Jobs showed his expertise of electronics and Wozniak demonstrated he could design a computer.
Jobs was a visionary and a dreamer who could pitch an idea while Wozniak was content to be an engineer all his life, working in a basement laboratory designing computers. It was the combination that helped launch the world of personal computers and put Apple at the top of this cultural revolution.
EO Thrive 2014 was largest region confab in North America
EO Thrive 2014, which took place in Cleveland, featured keynote speaker Steve Wozniak, co-founder of Apple. The event took place over a three-day period in early October, attracting more than 300 members of the Entrepreneurs’ Organization from across the globe — making it the largest EO regional conference ever in North America.
The largest membership organization in the world dedicated to peer-to-peer learning for successful entrepreneurs, EO has more than 10,000 members in more than 135 cities.
The Cleveland EO Chapter is one of the largest in North America, and was selected to host Thrive for the first time.
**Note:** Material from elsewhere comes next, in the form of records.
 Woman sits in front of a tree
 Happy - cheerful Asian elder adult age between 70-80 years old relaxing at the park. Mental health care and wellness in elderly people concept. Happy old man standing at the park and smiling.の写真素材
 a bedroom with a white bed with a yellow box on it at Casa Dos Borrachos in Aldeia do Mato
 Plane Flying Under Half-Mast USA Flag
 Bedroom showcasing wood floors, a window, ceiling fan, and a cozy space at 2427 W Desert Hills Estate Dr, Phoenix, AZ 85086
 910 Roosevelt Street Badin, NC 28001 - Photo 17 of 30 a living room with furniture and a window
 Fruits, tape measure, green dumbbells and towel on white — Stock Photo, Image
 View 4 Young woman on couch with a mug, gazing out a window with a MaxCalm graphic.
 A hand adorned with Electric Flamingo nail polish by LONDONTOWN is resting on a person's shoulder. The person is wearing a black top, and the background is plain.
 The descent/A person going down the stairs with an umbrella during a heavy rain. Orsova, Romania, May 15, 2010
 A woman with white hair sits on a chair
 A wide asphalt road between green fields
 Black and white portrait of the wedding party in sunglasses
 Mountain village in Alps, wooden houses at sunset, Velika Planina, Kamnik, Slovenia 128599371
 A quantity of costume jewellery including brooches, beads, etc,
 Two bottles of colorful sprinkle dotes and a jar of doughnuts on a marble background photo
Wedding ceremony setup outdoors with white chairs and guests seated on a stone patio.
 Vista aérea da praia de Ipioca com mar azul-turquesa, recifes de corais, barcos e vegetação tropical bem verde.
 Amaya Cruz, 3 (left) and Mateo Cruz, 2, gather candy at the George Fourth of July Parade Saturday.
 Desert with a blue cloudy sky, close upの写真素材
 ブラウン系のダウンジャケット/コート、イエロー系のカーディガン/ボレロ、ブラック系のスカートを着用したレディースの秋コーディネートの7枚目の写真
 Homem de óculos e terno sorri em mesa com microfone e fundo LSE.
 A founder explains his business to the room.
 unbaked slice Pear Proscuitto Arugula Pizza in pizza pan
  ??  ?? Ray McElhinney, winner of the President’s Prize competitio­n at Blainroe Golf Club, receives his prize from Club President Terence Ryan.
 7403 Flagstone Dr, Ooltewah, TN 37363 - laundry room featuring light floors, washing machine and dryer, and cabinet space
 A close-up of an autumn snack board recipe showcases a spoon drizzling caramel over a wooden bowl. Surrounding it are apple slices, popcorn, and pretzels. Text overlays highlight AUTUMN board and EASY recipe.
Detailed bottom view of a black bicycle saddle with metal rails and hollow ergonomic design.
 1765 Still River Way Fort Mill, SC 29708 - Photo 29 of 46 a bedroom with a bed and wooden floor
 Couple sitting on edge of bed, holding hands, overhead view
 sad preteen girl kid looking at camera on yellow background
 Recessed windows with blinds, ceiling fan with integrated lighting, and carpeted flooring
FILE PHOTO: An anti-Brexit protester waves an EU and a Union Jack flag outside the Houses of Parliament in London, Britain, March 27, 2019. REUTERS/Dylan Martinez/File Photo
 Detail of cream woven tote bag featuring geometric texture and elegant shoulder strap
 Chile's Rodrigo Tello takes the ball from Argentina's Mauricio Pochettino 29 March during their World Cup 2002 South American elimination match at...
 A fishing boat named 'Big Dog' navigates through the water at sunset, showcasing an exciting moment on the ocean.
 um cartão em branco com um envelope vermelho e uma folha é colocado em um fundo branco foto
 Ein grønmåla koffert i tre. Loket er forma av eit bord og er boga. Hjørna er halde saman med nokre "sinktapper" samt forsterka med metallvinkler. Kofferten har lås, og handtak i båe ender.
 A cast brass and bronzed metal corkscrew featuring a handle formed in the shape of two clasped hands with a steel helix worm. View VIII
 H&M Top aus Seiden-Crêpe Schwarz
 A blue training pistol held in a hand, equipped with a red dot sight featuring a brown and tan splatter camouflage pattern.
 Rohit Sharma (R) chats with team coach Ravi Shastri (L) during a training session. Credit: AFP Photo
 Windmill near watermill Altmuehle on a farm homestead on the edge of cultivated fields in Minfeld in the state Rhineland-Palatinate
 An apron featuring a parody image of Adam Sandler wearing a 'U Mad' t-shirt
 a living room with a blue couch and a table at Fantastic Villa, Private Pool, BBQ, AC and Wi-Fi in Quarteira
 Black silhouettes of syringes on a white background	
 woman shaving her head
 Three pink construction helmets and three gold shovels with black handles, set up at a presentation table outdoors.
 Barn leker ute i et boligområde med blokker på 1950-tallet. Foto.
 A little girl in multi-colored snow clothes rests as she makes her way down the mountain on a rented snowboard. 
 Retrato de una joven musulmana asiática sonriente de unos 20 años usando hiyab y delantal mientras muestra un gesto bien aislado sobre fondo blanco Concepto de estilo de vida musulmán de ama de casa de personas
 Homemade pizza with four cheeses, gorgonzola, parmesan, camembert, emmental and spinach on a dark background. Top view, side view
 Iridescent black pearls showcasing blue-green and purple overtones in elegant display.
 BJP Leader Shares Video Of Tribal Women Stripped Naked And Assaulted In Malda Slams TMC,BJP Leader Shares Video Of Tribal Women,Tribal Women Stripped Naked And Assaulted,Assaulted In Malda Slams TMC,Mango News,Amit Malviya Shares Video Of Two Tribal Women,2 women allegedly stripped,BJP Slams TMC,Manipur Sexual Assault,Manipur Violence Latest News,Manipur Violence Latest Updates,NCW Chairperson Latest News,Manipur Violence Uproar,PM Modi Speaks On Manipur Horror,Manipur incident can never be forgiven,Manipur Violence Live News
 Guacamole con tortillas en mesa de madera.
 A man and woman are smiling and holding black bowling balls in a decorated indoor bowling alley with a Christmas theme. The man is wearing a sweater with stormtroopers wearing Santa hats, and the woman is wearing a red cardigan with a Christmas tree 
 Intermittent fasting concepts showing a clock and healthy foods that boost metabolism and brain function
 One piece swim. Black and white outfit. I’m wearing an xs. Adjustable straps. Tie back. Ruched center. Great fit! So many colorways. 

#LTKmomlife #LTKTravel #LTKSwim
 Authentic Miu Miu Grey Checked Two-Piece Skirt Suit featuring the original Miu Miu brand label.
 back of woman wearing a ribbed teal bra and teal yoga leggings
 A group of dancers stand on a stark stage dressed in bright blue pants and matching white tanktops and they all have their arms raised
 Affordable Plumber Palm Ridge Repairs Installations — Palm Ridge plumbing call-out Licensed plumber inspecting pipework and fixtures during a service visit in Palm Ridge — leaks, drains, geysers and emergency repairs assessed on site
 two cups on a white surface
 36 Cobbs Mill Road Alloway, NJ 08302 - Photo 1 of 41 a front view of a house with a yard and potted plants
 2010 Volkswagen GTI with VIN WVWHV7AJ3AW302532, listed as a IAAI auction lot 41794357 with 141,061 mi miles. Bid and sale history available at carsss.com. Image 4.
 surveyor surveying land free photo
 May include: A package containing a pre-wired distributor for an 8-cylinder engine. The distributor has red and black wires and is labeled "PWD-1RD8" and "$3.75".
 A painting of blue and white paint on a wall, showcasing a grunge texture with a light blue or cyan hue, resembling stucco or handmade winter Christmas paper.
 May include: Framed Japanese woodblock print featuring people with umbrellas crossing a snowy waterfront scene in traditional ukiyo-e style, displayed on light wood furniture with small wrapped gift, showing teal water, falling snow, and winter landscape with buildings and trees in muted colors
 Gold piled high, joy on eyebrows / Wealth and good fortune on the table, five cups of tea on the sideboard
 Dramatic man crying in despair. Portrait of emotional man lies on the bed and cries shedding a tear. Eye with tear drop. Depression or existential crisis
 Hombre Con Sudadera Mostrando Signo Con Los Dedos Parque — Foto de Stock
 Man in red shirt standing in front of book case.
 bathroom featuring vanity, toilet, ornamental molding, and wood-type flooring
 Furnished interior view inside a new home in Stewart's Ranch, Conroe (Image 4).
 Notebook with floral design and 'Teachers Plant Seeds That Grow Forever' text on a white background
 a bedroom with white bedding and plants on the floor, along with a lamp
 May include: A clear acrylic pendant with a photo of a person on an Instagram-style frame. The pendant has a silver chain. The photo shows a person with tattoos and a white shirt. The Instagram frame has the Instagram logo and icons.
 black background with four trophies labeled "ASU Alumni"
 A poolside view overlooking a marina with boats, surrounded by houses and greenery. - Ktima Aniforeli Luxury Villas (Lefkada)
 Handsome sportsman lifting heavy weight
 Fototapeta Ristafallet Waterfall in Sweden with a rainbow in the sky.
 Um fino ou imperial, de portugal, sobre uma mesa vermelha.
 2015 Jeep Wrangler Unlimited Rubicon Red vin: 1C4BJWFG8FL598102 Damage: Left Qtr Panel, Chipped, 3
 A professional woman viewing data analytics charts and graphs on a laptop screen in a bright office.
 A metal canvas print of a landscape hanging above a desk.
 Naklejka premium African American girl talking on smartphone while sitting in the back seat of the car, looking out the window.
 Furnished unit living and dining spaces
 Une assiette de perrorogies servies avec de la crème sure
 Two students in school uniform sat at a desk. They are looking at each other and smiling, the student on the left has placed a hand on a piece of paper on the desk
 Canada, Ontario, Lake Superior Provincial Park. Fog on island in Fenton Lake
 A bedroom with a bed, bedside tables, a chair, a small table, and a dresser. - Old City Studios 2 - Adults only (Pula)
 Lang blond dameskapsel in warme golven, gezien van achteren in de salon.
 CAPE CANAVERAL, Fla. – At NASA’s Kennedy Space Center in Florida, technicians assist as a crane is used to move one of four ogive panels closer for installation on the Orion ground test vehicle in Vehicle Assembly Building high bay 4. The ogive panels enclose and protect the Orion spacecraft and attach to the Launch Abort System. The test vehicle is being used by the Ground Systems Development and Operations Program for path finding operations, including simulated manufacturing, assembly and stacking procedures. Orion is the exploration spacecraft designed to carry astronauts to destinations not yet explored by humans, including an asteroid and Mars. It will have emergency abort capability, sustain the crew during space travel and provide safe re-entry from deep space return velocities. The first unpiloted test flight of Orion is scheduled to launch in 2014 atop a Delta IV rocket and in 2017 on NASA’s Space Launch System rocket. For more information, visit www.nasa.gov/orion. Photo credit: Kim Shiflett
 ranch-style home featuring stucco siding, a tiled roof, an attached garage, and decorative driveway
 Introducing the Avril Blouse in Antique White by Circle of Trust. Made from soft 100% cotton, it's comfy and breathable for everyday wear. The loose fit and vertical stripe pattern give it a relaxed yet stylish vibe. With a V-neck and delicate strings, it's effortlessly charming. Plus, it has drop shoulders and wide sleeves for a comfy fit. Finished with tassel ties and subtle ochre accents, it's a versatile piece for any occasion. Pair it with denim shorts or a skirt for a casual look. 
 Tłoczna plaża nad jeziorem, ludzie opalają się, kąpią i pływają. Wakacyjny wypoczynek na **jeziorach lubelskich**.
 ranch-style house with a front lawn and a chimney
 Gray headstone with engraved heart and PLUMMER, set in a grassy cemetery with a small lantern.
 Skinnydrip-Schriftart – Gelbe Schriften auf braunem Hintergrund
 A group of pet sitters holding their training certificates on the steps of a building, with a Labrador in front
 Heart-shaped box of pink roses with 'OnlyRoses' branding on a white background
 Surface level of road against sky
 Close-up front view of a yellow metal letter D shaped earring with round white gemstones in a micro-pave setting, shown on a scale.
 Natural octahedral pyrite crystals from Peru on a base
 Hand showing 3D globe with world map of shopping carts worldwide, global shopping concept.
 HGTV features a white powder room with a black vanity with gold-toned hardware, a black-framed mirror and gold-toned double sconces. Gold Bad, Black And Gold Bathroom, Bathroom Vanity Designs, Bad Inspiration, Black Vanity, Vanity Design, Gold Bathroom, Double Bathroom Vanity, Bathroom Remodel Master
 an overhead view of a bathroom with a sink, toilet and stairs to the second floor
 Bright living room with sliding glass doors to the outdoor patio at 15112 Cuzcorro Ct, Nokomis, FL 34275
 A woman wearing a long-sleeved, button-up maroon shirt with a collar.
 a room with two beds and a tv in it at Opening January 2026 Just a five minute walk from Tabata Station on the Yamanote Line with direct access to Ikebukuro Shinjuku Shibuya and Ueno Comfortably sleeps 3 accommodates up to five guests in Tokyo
Over an 18-month period, Adam R. Kaufman, the 2014 chairman of Thrive, and a committee of other EO members planned the conference.
“We decided to build a theme around key questions in the life of an entrepreneur: ‘How do I sell my business?’ ‘How do I wisely buy other businesses?’ and ‘How do I raise capital?’” he says.
The theme seemed to resonate with the 320 registered attendees who represented 28 chapters, including some from as far away as Hong Kong, Perth and New Delhi.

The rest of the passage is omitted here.